What you have to do:
Transcribe the line that contains "5 - 8 luglio" and every line after it to the end of the records, exactly and nothing else. Skip the pictures.

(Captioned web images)
-=-=-
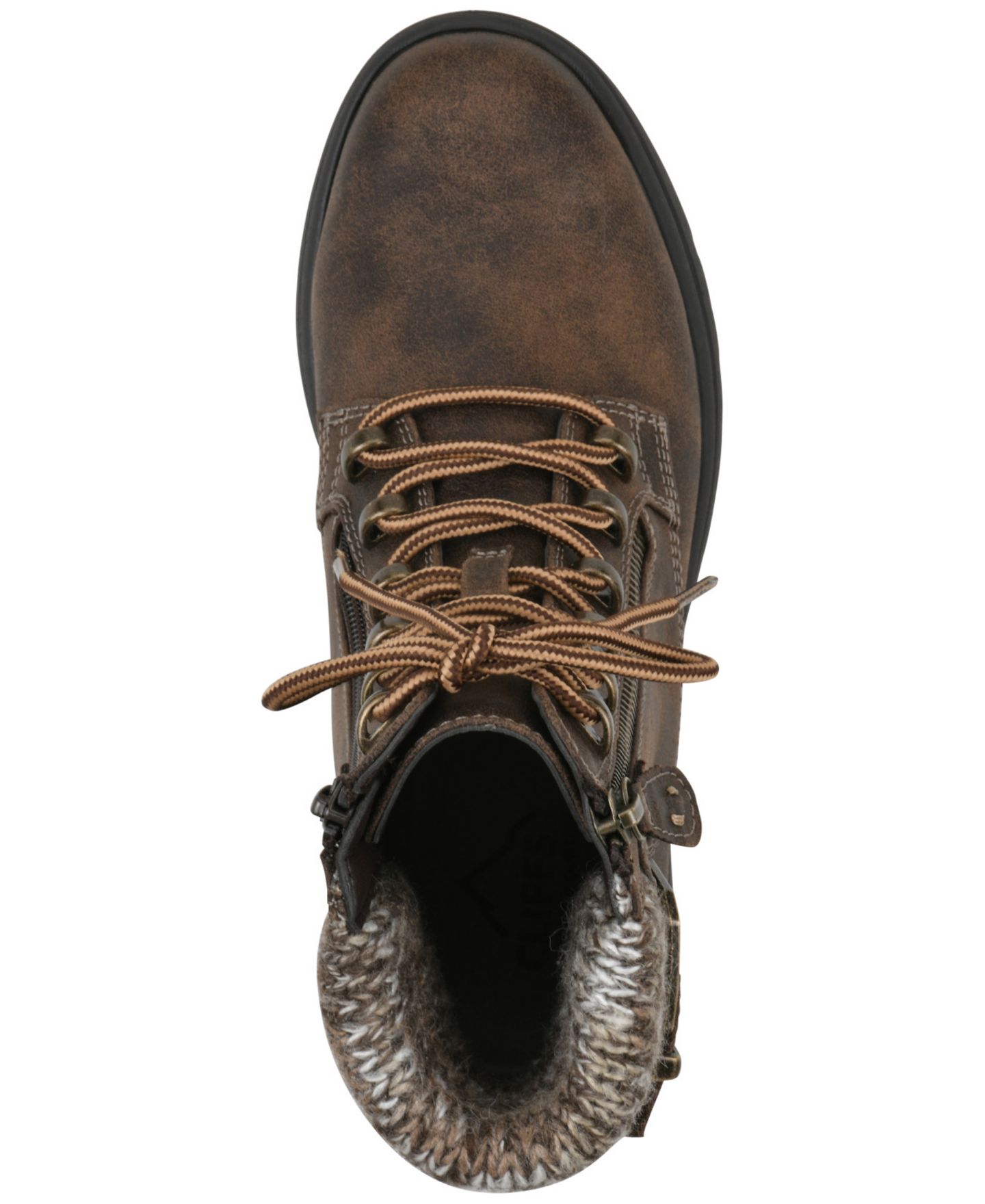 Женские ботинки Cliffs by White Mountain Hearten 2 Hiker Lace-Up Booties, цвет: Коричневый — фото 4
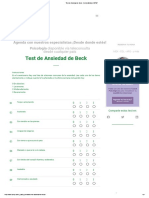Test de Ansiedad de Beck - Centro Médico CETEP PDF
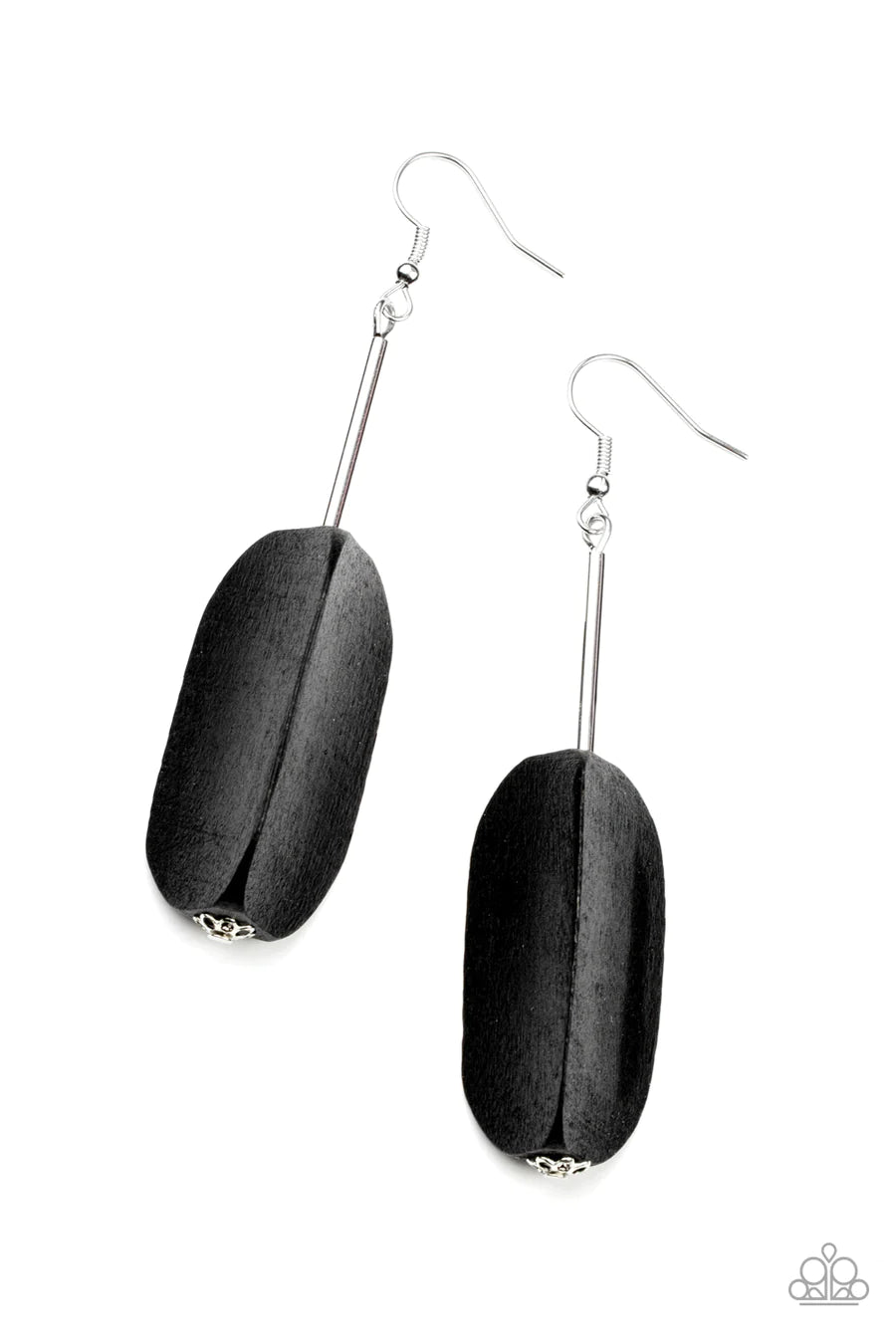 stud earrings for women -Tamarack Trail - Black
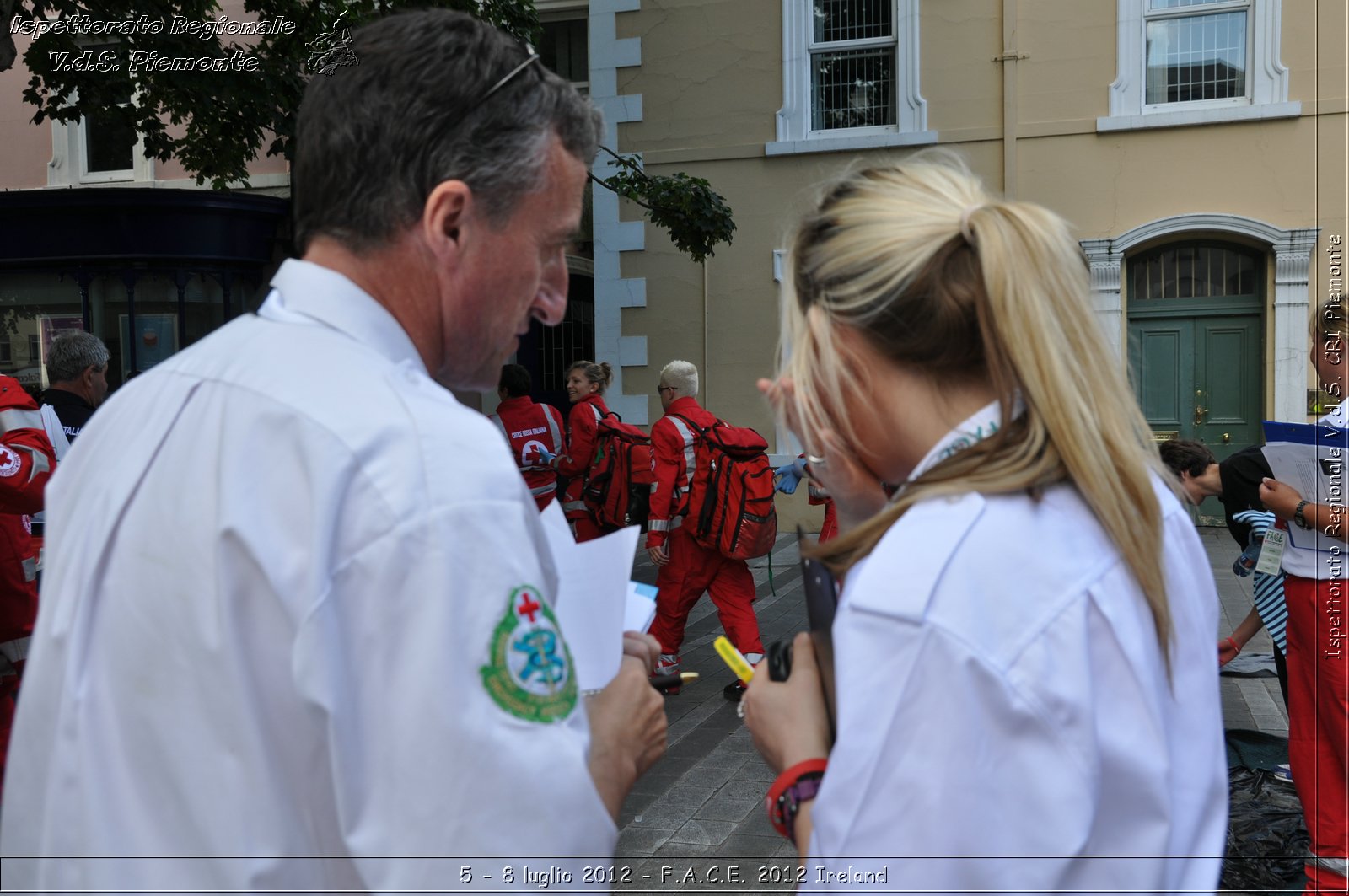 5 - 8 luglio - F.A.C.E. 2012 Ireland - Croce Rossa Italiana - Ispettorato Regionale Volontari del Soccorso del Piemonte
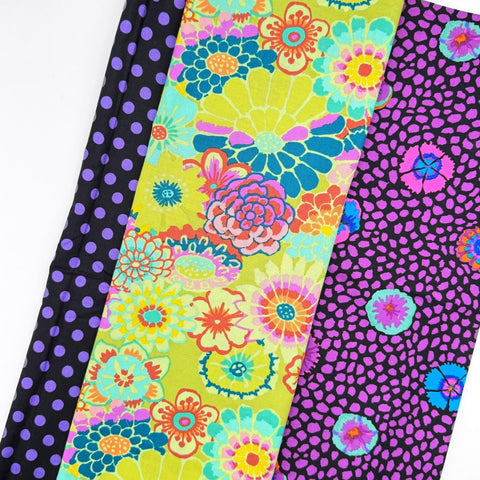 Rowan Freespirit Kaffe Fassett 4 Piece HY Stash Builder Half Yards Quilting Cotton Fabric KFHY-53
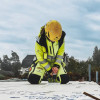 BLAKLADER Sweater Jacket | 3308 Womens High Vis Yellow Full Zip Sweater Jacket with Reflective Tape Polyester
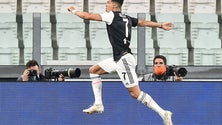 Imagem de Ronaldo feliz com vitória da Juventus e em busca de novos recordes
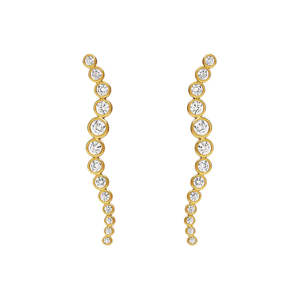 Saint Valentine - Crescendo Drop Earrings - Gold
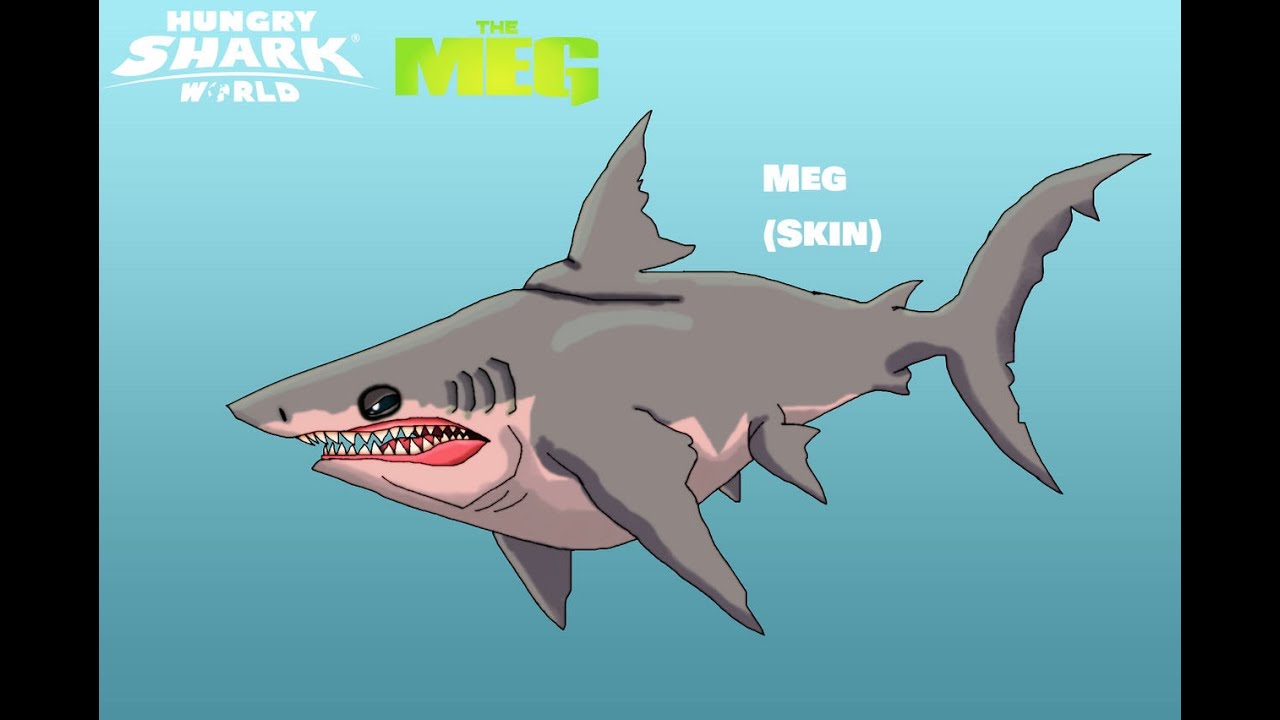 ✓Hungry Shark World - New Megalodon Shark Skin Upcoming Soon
-=-=-
Written solution:
 5 - 8 luglio - F.A.C.E. 2012 Ireland - Croce Rossa Italiana - Ispettorato Regionale Volontari del Soccorso del Piemonte
 Rowan Freespirit Kaffe Fassett 4 Piece HY Stash Builder Half Yards Quilting Cotton Fabric KFHY-53
 BLAKLADER Sweater Jacket | 3308 Womens High Vis Yellow Full Zip Sweater Jacket with Reflective Tape Polyester
 Imagem de Ronaldo feliz com vitória da Juventus e em busca de novos recordes
 Saint Valentine - Crescendo Drop Earrings - Gold
 ✓Hungry Shark World - New Megalodon Shark Skin Upcoming Soon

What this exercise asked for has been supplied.